---
title: Text-to-3d Flux Trellis
emoji: 📉
colorFrom: pink
colorTo: gray
sdk: gradio
sdk_version: 5.16.0
python_version: "3.10"
app_file: app.py
pinned: false
license: mit
short_description: Text to 3D using DeepSeek-R1, FLUX.1-dev and TRELLIS
---

# Text to 3D — from a sentence to a downloadable 3D object

This Space turns a **one-line product idea** into an **interactive, downloadable
3D asset** by chaining three specialised models. It is geared toward *product
design*: describe an object, get a catalogue-style image, then a textured 3D mesh.

## Pipeline

```
Prompt simple ──▶ DeepSeek-R1 ──▶ FLUX.1-dev ──▶ TRELLIS ──▶ Vidéo + GLB
   (texte)         (raisonnement     (image          (objet 3D)
                    + prompt riche)    produit)
```

1. **DeepSeek-R1-Distill-Llama-8B — prompt design (text → text).**
   Acting as a product designer, the model *reasons* about the request (its
   chain-of-thought is shown in a dedicated accordion) and writes a detailed,
   photorealistic prompt for FLUX. Only the final prompt — never the reasoning —
   is forwarded downstream, so the image generator is not polluted by the
   `<think>` trace.

2. **FLUX.1-dev — image generation (text → image).**
   The detailed prompt is rendered as a clean product shot on a white background.
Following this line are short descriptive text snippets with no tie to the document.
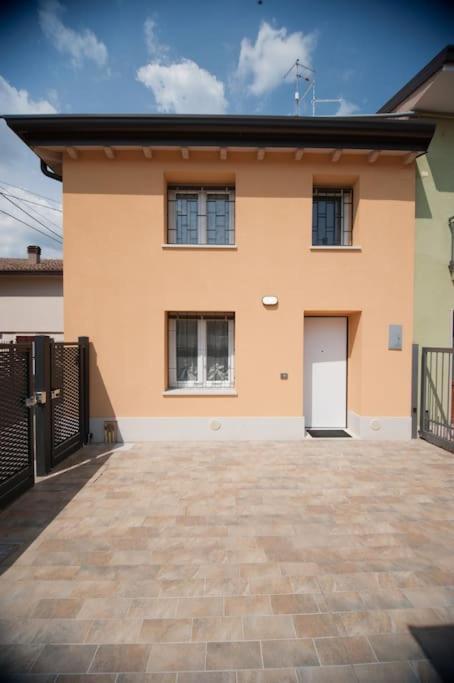 Casa Gemma - Big Family House With Free Parking Apartamento San Giovanni Lupatoto Exterior foto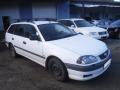 Kuva 1: Toyota Avensis T22 Facelift 5D STW 1.8VVT-i MT5 Terra 2001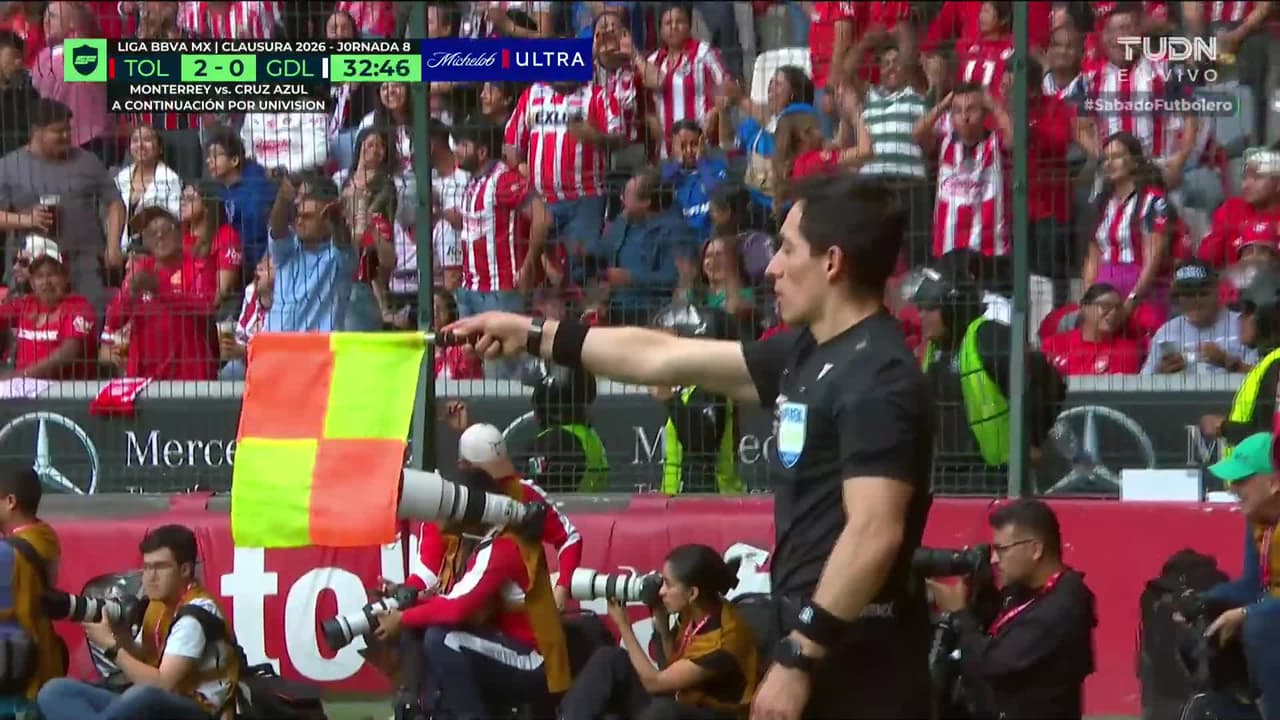 Segundo gol anulado a Chivas: La Hormiga estaba adelantado ante Toluca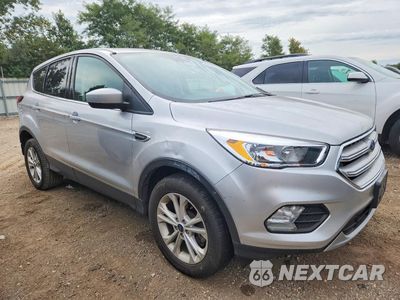 Czwarte zdjęcie samochodu z boku: 2019 FORD ESCAPE SE VIN:1FMCU9GD6KUA98327 - miniatura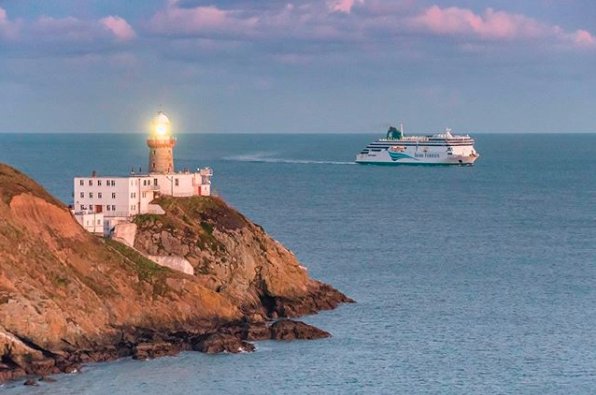 WrightsHowth's tweet image. A gorgeous capture of the Howth lighthouse by irvin.duguid on Instagram! #WrightsOfHowth #Howth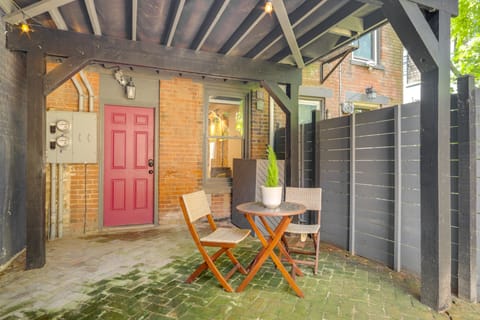 Cincy Apt 1 Mi to Findlay Market, 2 Mi to Downtown Apartment in Cincinnati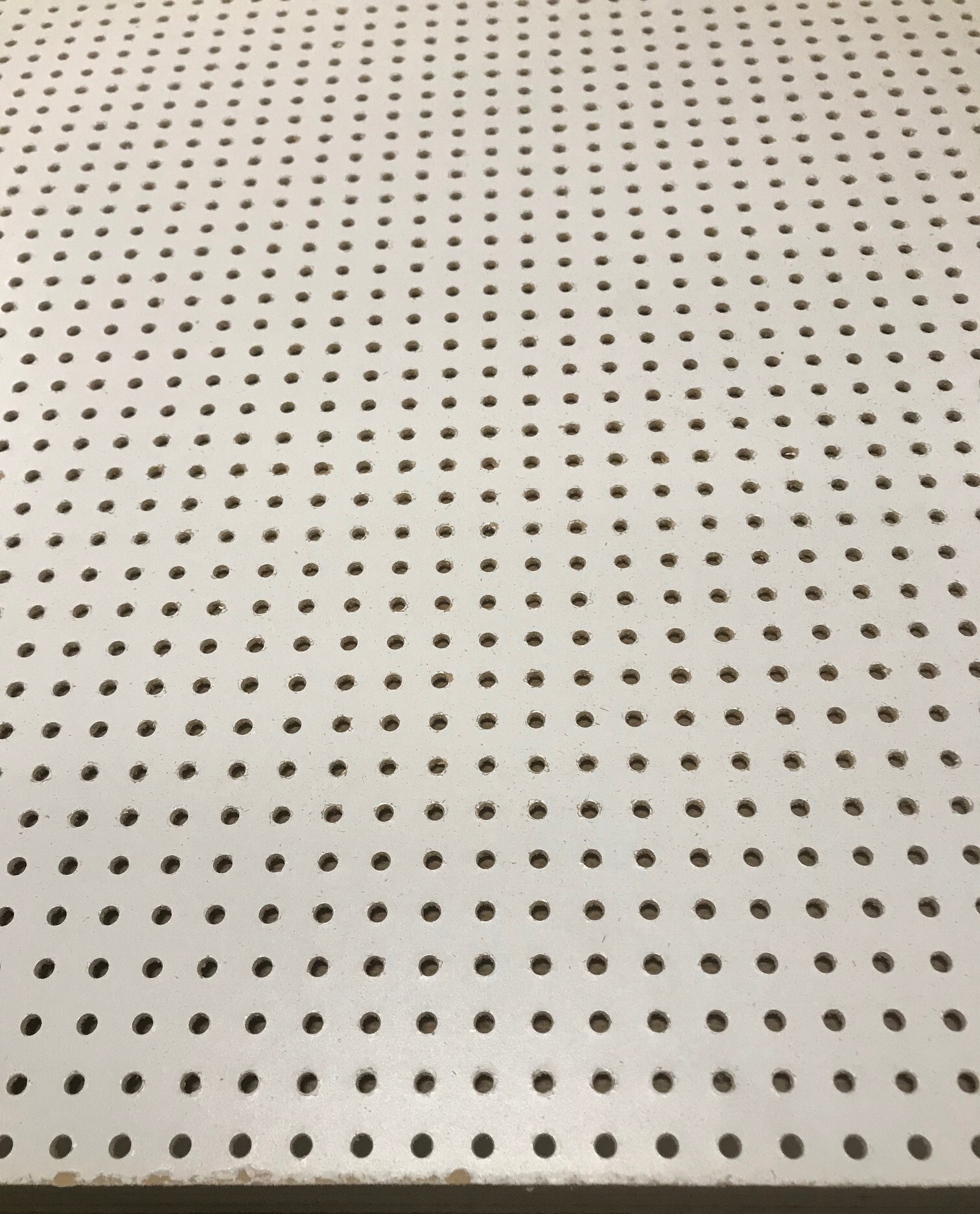 BOARD VITLACKAD PERFORERAD 3,0X1220X2440 - Ljungberg Fritzoe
3. **TRELLIS (`microsoft/TRELLIS-image-large`) — 3D generation (image → 3D).**
   The image is converted into a 3D asset: a color + normals preview video, and a
   textured **GLB** that is viewable in the interactive 3D viewer and downloadable.

**Why generate an image before the 3D step?** TRELLIS is image-conditioned.
Producing a sharp, well-framed image first yields a much cleaner mesh and texture
than trying to go straight from text to 3D.

## Using the Space

- **Générer tout** runs the whole pipeline in one click, with a per-step status.
- Each stage also has its own button to replay it in isolation.
- The **Galerie** tab shows pre-rendered examples for an instant preview even when
  the ZeroGPU GPU is cold.
- The **Comment ça marche** tab documents the pipeline in-app.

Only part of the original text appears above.